Every line below must come back exactly as it stands, with the images omitted.
--- PROVIDED ENTRIES Enclosed Below ---
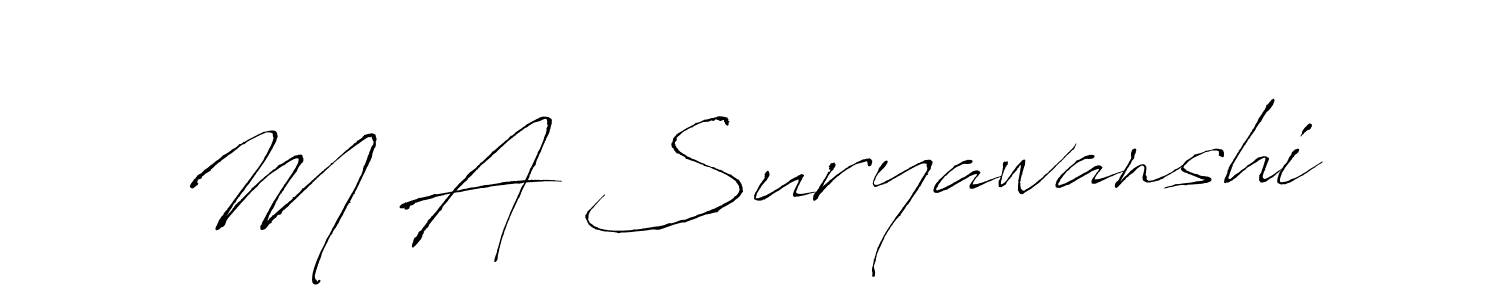 M A Suryawanshi stylish signature style. Best Handwritten Sign (Antro_Vectra) for my name. Handwritten Signature Collection Ideas for my name M A Suryawanshi. M A Suryawanshi signature style 6 images and pictures png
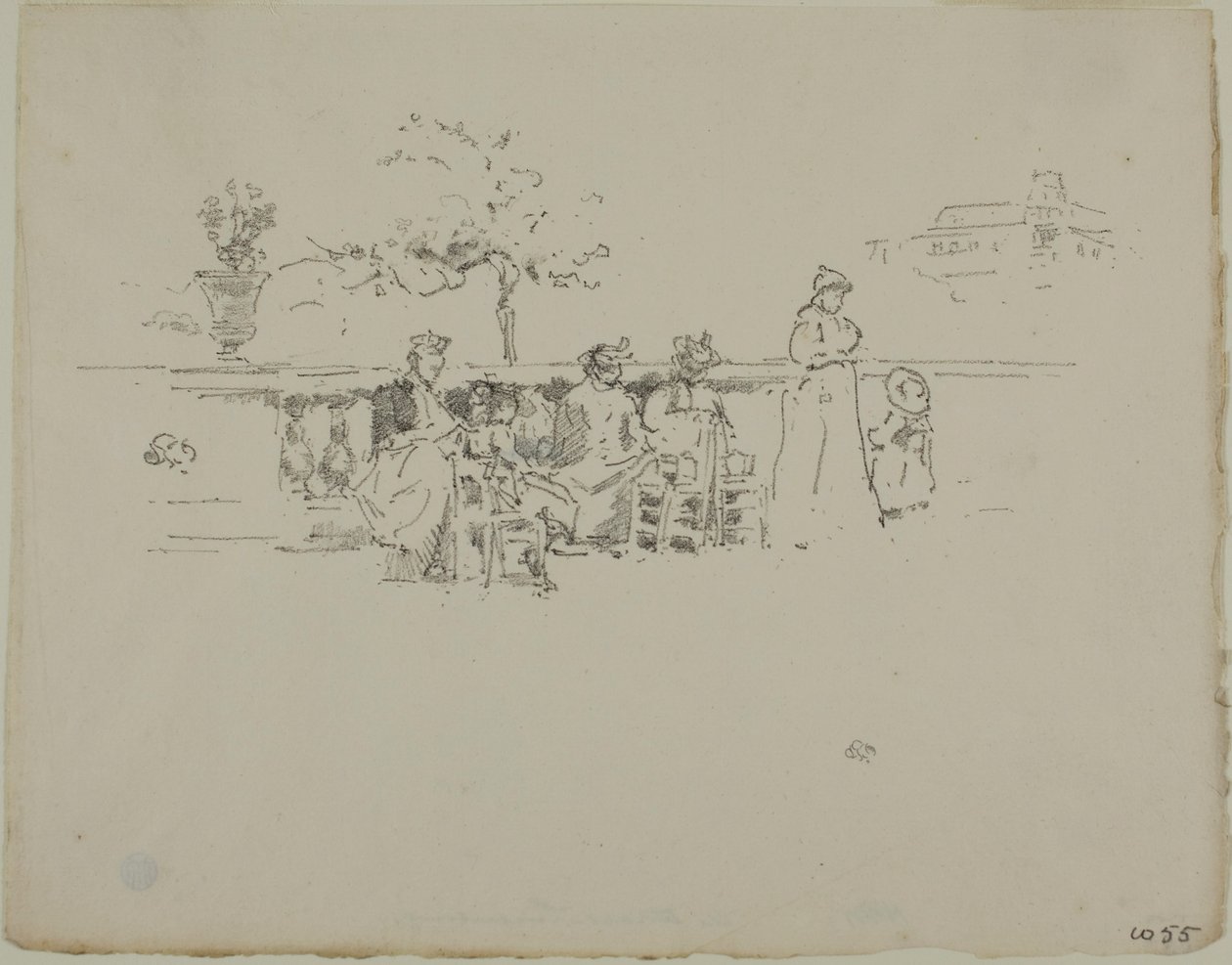 Het terras, Luxemburg door James Abbott McNeill Whistler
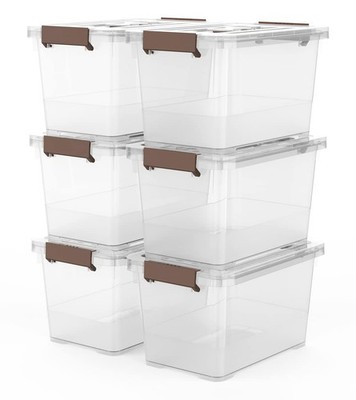 6-Pack Clear 7 Quart Storage Latch Box/Bins, Clear Storage Tote Bins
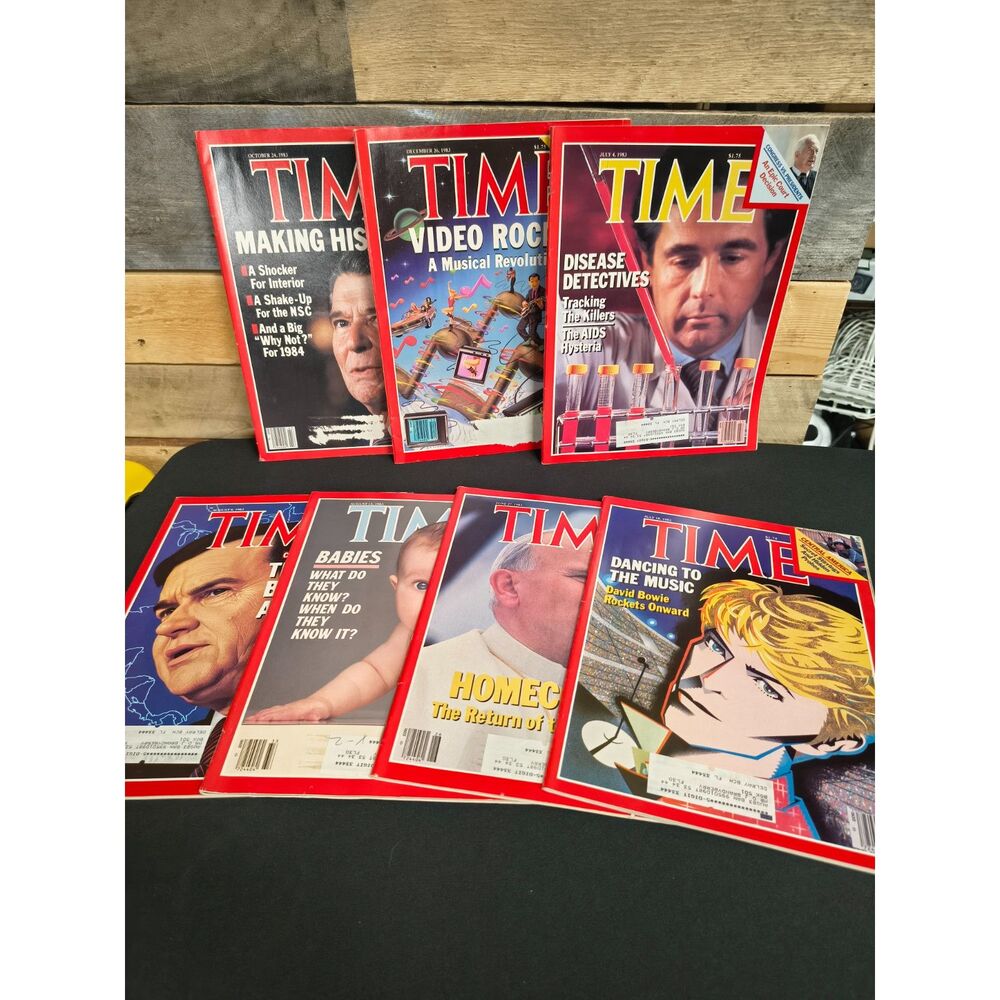 Lot of 7 VTG TIME Magazines 1983 (Pope, David Bowie, Ronald Reagan, AIDS)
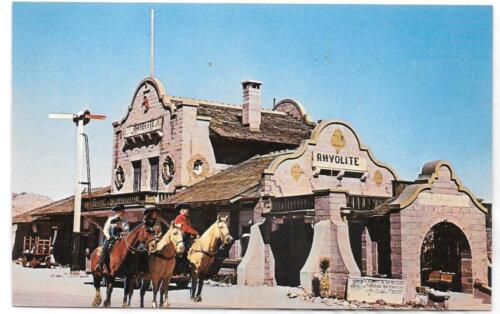 1950s Rhyolite Railroad Depot Nevada Postcard Roadside Vintage Ghost Town Horse - Picture 1 of 3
--- End of Enclosed PROVIDED ENTRIES ---
# RESPONSE BELOW
 M A Suryawanshi stylish signature style. Best Handwritten Sign (Antro_Vectra) for my name. Handwritten Signature Collection Ideas for my name M A Suryawanshi. M A Suryawanshi signature style 6 images and pictures png
 Het terras, Luxemburg door James Abbott McNeill Whistler
 6-Pack Clear 7 Quart Storage Latch Box/Bins, Clear Storage Tote Bins
 Lot of 7 VTG TIME Magazines 1983 (Pope, David Bowie, Ronald Reagan, AIDS)
 1950s Rhyolite Railroad Depot Nevada Postcard Roadside Vintage Ghost Town Horse - Picture 1 of 3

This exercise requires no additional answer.